Today my youngest brother and his first real girlfriend broke up. Secretly my jaded old soul was kind of relieved. "They're teenagers," I said with the gruff tone of somebody who thinks she knows better. "They have so much life to live."
I seem to have lost touch with my heart for a moment. Forgotten or shellacked over holes in my plastic armor. I forgot what it feels like to hang up the phone, indefinitely.
It was the first time I felt like a big sister. There are seven years dividing the two of us. I was always doing my own thing as my brothers sort of grew up together in their own world of boyhood. A world more concerned with asserting their own prepubescent testosterone through the jumping off of roofs, the scraping of elbows and jokes that earned punishments instead of laughter. They knew nothing of my birth control or hidden life of secret parental deceiving . My perpetually locked door kept out any inquiries as to what it was like to be a seventeen-year old girl. My turned up speakers leaking out hormonal disenchantment and a heart too blue to be true from under the door acted as a translator for the alien tongues us boys vs. girls spoke. We had nothing in common but the name and blood we shared and the love that punctuated boughts of sibling torture. And before they evolved out of their baby fat I had already moved out.
When he posted heartsick status updates on Facebook tonight I felt a twinge of pain in so many different ways. I felt bad for him sure but I also felt guilty. I felt guilty for not being there enough.
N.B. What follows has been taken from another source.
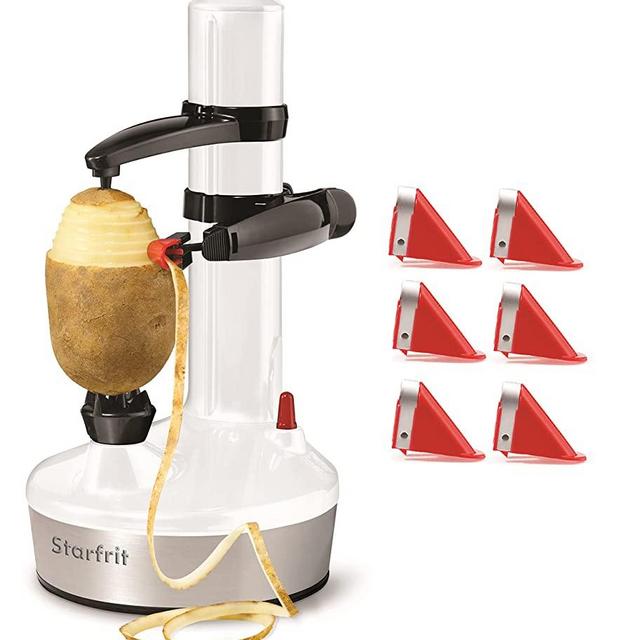 Starfrit Rotato Express 2.0 + 6 Replacement Blades | Updated Model - Electric Peeler (White)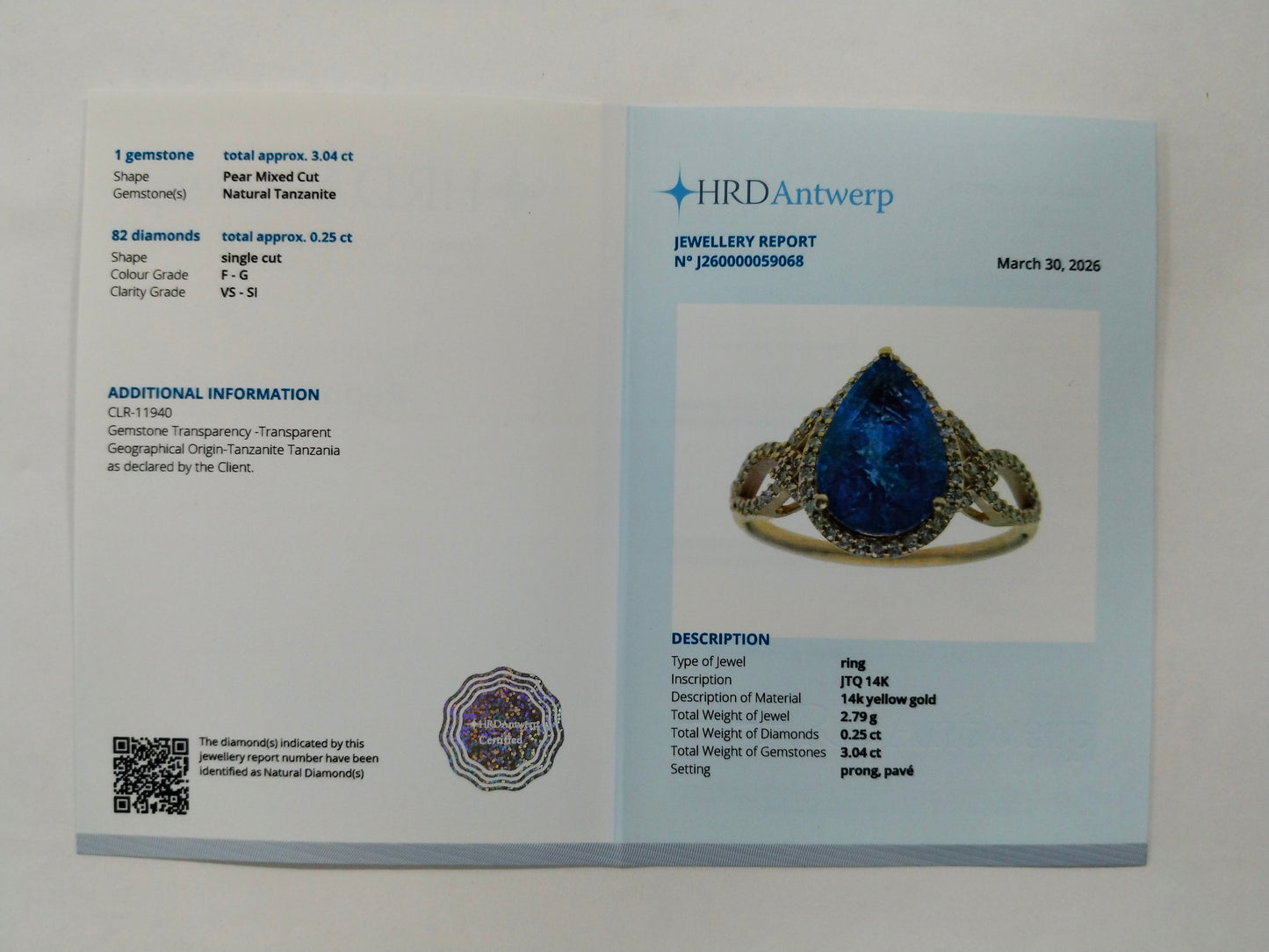 3.29 Ct Pear Mixed Cut Natural Tanzanite 14K Gold Ring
For not counseling him more through our parent's divorce because I was too busy running away from them and finding myself.
"But I was alone for everything," I try to justify.
But it isn't about enduring the pain alone that defines oneself is it? It's about what we do for others in THEIR pain, in their time of need.
And so, I ignored the part of myself that plays the wiser when I know I'm not. I'm just another human being. And I commiserated and listened. And I remembered the day I thought I'd never be happy again and all the songs and angry, hurt lashing out that followed. I spoke honestly and I hoped it helped.
I think kids of divorce perceive love differently. For my brother it was tragedy to see something fall apart because he wanted to be different than my parents, wanted to keep believing in love and holding on to it. For me, well, I'm still trying to work on not seeing every relationship as impending heartache, a broken home; restart at thirty-nine with little to nothing but mouths to feed and hearts to mend.
Cynic or believer, we had both had a broken heart. And now we had something in common.
I sent him a text before bed and I reminded him that life goes on. That experiences that he won't even be able to perceive yet will happen. That people are good. That yes, yes, you'll probably be depressed for awhile but one day you won't and things will be different. And that I loved him.
Even if he didn't love anybody, or feel loved, tonight.